MORE REVIEW QUESTIONS FOR EXAM 3
Question 1 is the "full problem" that should have appeared in its
entirety
in the Course Packet on p. 17-15. Question 3 is a replacement problem for
the one on p. 17-16, as you already did
that question as part of HW 7!
1. Scientists conducted a survey of stream segments in western
Washington to assess the effect of three different levels of commercial
timber harvest (none, moderate, intensive) on instream salmon spawning
habitat. One of the responses measured on each stream segment (the
sampling unit) was the percent of stream area comprised of pools. (Pools
are related to needed habitat for salmon spawning.) Data and
the summary statistics are as follows:
NONE: 43, 73, 36, 46, 42. n = 5, xbar=48.00,
s^2=208.50.
MODERATE: 39, 62, 20, 44. n = 4, xbar=41.25,
s^2=298.25
INTENSIVE: 37, 14, 21, 30, 07. n = 5, xbar=21.80, s^2=144.7.
1a. At the .05 level of significance [and assuming normality and equal
variances], test to see whether the three levels of timber harvest yield
the same mean pool fraction of stream area. Include the complete analysis
of variance (ANOVA) table. You may do this either by hand (it is indeed
do-able by hand) or by using statistical software like SPSS. NOTE: in
writing up your "conclusions"
statement, AVOID the words "accept",
"reject", and "hypothesis"; rather, express conclusions in
terms of the
original research question.
1b. Are the three levels of timber harvest a "fixed effects" model or
a
"random effects" model? Explain your answer.
1c. If we were to use a sample size of n=6 for each group (total sample
size = 18), how far apart would the largest and smallest population
means have to be in order to reject the null hypothesis with 90% power
and level of significance = .05?
1d. Now, at the alpha = 5 percent level
of significance, do a parametric
(normality based) multiple comparison of means using *both* the Tukey and
the Student-Newman Keuls methods of multiple comparisons. Do the two
methods yield the same results?--comment upon your answer.
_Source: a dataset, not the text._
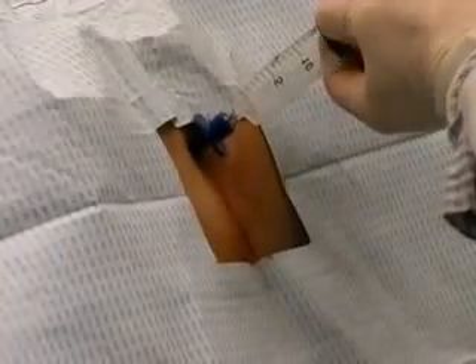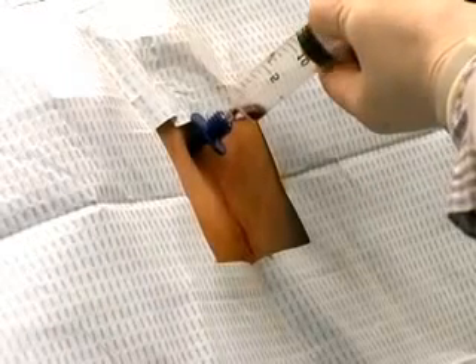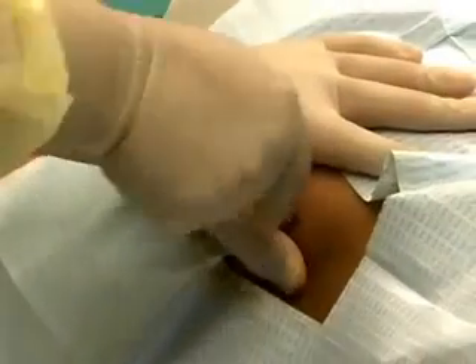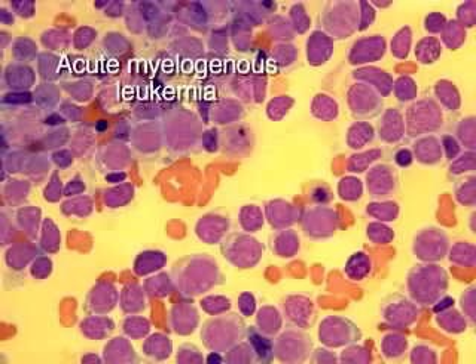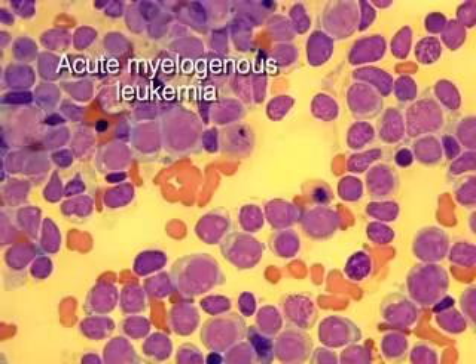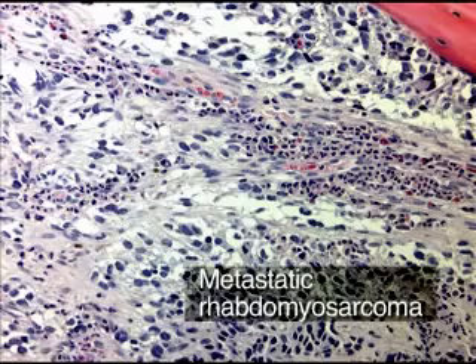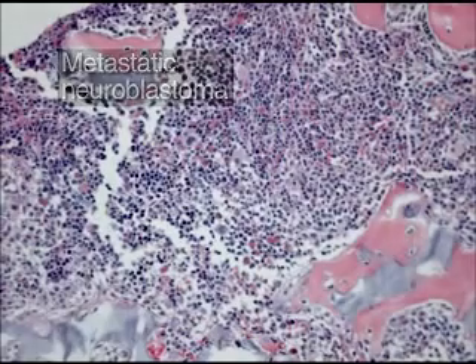This video will demonstrate the procedure for bone marrow aspiration and bone marrow biopsy from the posterior iliac crest. Obtaining a bone marrow aspirate and core biopsy is often necessary when evaluating a patient who has a hematologic abnormality. Examining bone marrow is also useful in the diagnosis of metastatic spread of non-hematologic malignancies and to diagnose metabolic disorders.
1e. Compute a 95% confidence interval for the INTENSIVE mean.
1f. Compute a 95% confidence interval for the mean that you get by
pooling the two means from the NONE and the MODERATE groups.
3. The following data are from an experiment to look at
weight gain [in gms] of lab mice under 3 different diets which have
low, medium, and high amounts of protein and other nutrients. It was
also felt that male mice might respond to the diets differently than
female mice, so sex of the animal was also noted.
FEMALES MALES
LOW 40.8 49.2
40.5 43.8
43.9 37.6
MED 51.5 50.9
50.0 57.9
51.9 59.9
HIGH 62.7 74.0
56.4 72.1
64.7 73.9
MEAN
The Sums of Squares for the different sources of variation for the
above data are as follows:
SOURCE OF VARIATION SS
Diet 1831.9
Sex 179.9
Diet x Sex Interaction 82.4
Error 161.0
---------------------- -----
TOTAL 2255.2
a. At the .10 level of significance, test for the presence of interaction
between Diet and Sex. Why did the result
of the test turn out the way it
did? Use a PLOT of the means [plot can be done by hand] to explain why.
b. At the .05 level of significance, test for the overall effect of Sex on
the mean weight gain. Why did the result
of the test turn out the way it
did?--refer to your plot from [a] to answer this.
c. At the .05 level of significane, test for the overall effect of the
three Diets on the mean weight gain. Why
did the result of the test turn
out the way it did?--refer to your plot from [a] to answer this.
d. Compute a 95% confidence interval for the average weight
gain on the LOW diet (regardless of Sex).
e. Compute a 95% confidence interval for the *difference between the male
and female* mean weight gain for the HIGH diet. Again, that is, HIGH
DIET only, (male - female) difference regarding mean weight gain.